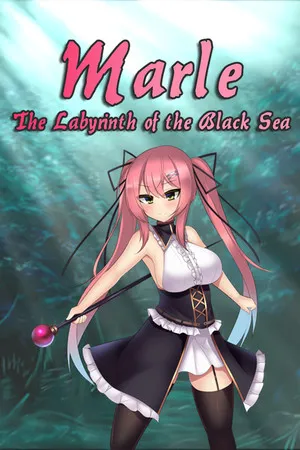 Portada de Marle: The Labyrinth of the Black Sea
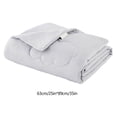 thumbnail image 3 of Alfombra de enfriamiento lavable para mascotas gris 89x63cm Manta de verano para perros gatos Protector de sofá de nailon suave Almohadilla absorbente de calor resistente a los arañazos Lavable a, 3 of 6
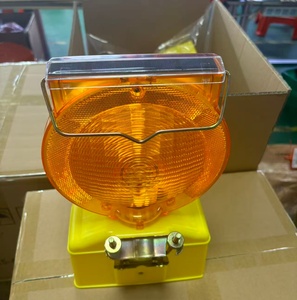 CE LED Traffic Safety Road Cone Flashing Warning Light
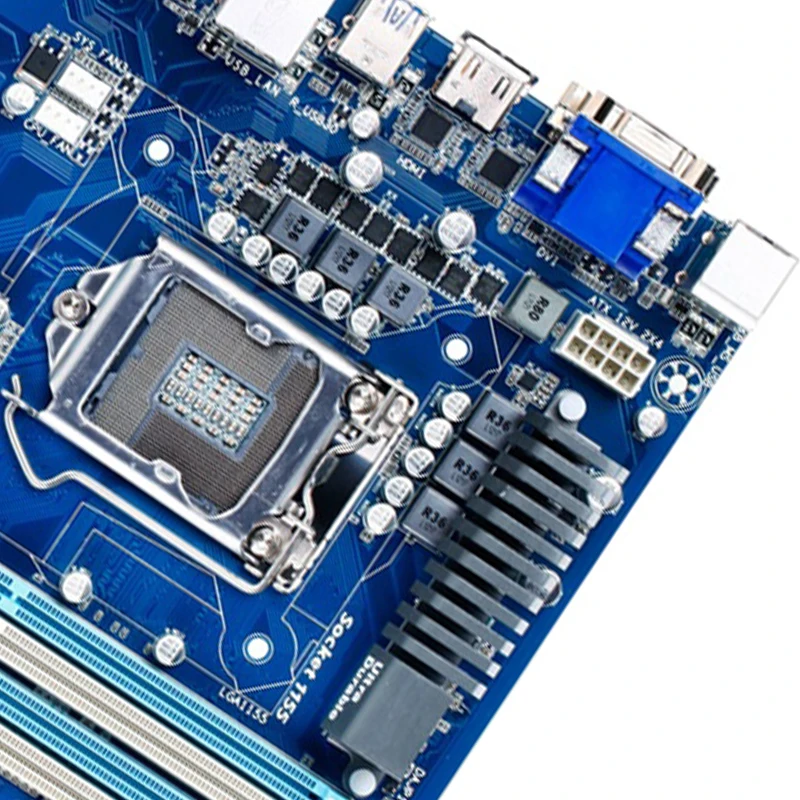 GIGABYTE GA-Z77-HD3 материнская плата для настольного компьютера LGA1155 DDR3 i3 i5 i7 ATX |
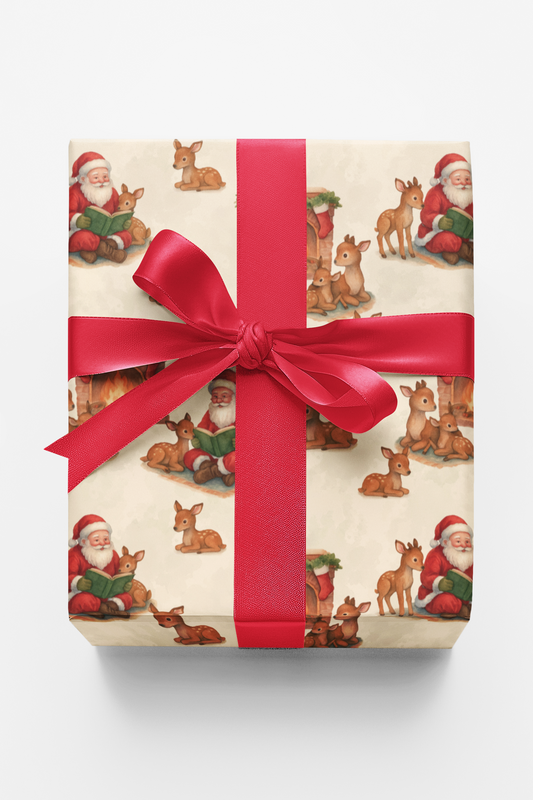 Santa’s Cozy Storytime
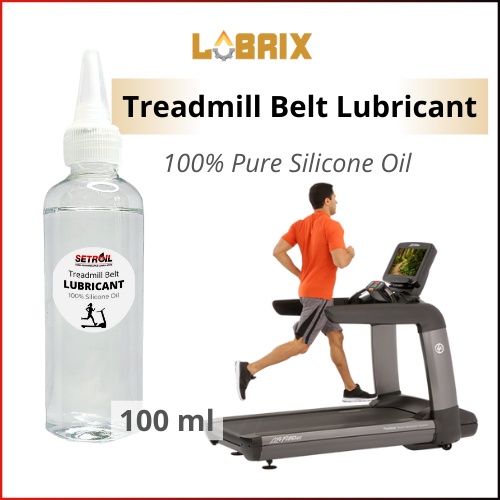 LUBRIX Setroil Treadmill Lubricant 100ml Treadmill Oil Treadmill
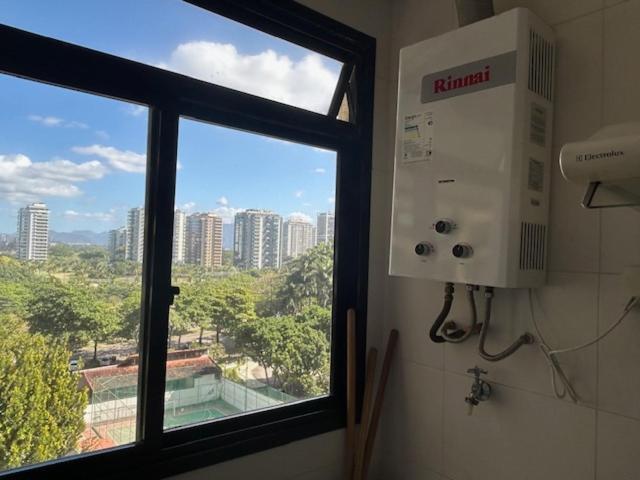 Lindo Apto No Barrabela, Todo Equipado, Com Arcondicionados Split Novos No Quarto E Na Sala, Limpissimo, Cheiroso, Novinho, Condominio Em Frente A Praia, Com Piscina Aquecida, Sauna, Quadra, Academia, Lavanderia, Salao De Beleza, Restaurantes, Mercad Ρίο ντε Τζανέιρο Εξωτερικό φωτογραφία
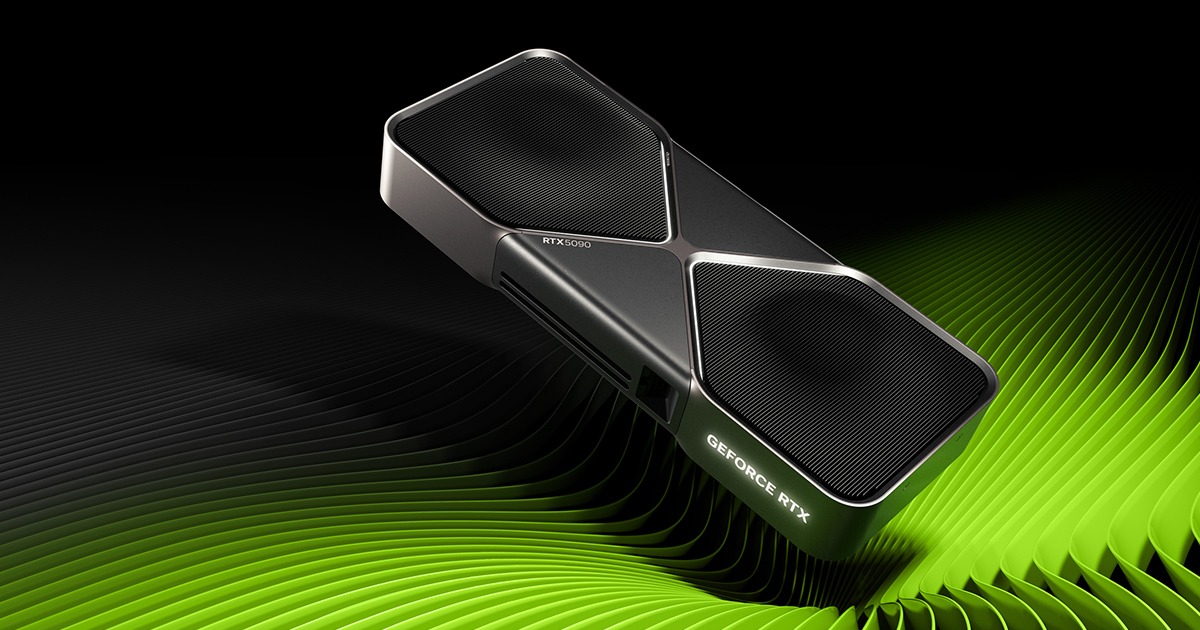 NVIDIA GeForce RTX 5090 Founders Edition显卡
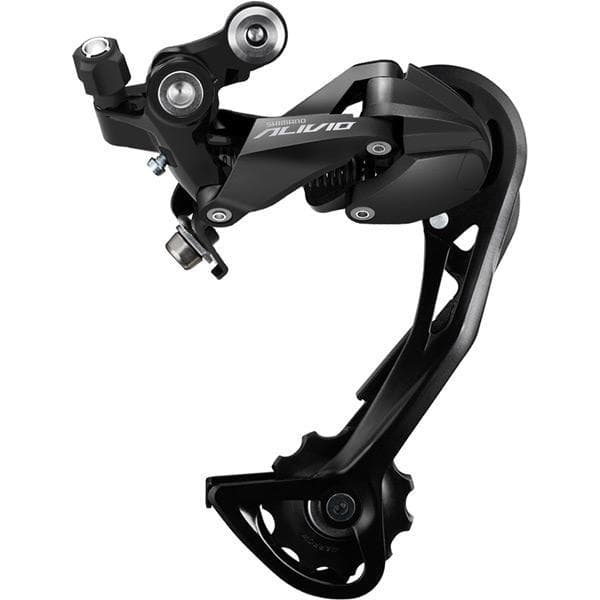 Shimano Alivio RD-M3100 Alivio rear derailleur; 9-speed; Shadow design; SGS long cage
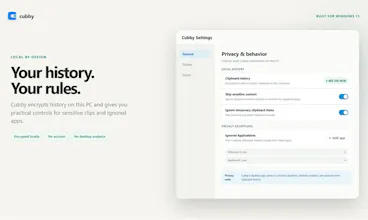 Cubby Clipboard gallery image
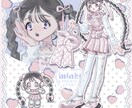 かわいいイラストお描きします アイコン、MV用イラスト等ご相談ください イメージ2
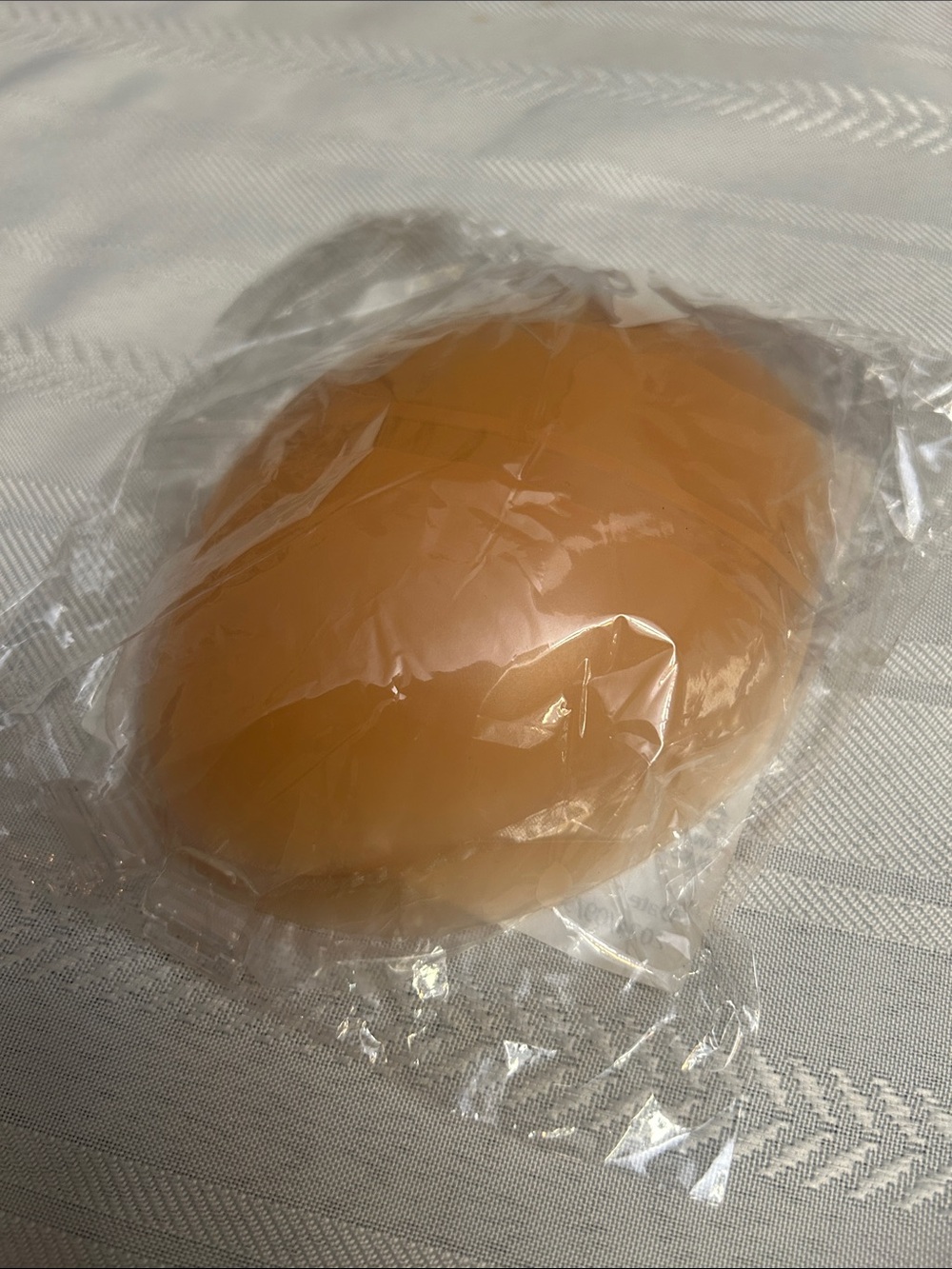 Silicone Gel Breast Form - Nude/Tan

------------------------

Restate the lines above exactly, from the one bearing "LUBRIX Setroil Treadmill" through the final line of the material, both included, omitting pictures.

 LUBRIX Setroil Treadmill Lubricant 100ml Treadmill Oil Treadmill
 Lindo Apto No Barrabela, Todo Equipado, Com Arcondicionados Split Novos No Quarto E Na Sala, Limpissimo, Cheiroso, Novinho, Condominio Em Frente A Praia, Com Piscina Aquecida, Sauna, Quadra, Academia, Lavanderia, Salao De Beleza, Restaurantes, Mercad Ρίο ντε Τζανέιρο Εξωτερικό φωτογραφία
 NVIDIA GeForce RTX 5090 Founders Edition显卡
 Shimano Alivio RD-M3100 Alivio rear derailleur; 9-speed; Shadow design; SGS long cage
 Cubby Clipboard gallery image
 かわいいイラストお描きします アイコン、MV用イラスト等ご相談ください イメージ2
 Silicone Gel Breast Form - Nude/Tan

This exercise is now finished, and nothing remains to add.